Since the records include pictures, leave those out while you reproduce exactly and only the lines from the one containing "Roda Kia Sorento aro 18 unidade valor mínimo" through the one containing "Универсал Ford Focus 2007 в Луцке", inclusive.

> [Dataset extract]
[Start of section]

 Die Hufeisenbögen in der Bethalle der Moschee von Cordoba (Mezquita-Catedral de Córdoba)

[End of section]
[Start of section]

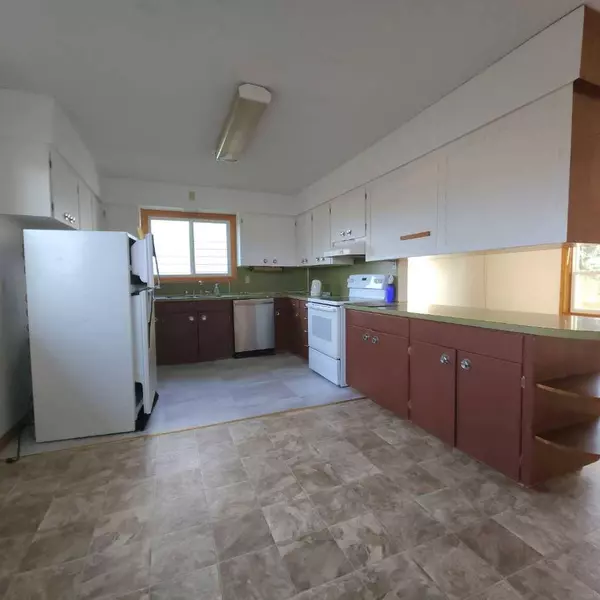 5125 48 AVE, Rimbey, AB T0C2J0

[End of section]
[Start of section]

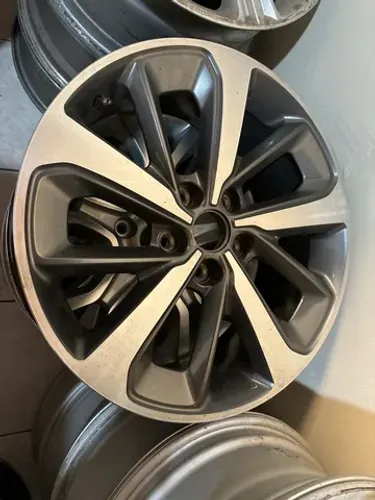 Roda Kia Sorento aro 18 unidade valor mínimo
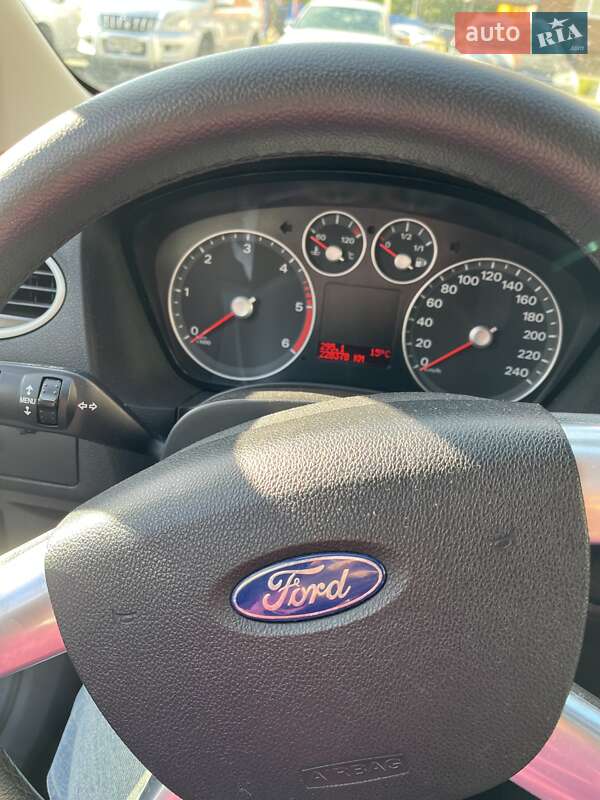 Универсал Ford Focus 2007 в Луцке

[End of section]

> [Your solution]
 Roda Kia Sorento aro 18 unidade valor mínimo
 Универсал Ford Focus 2007 в Луцке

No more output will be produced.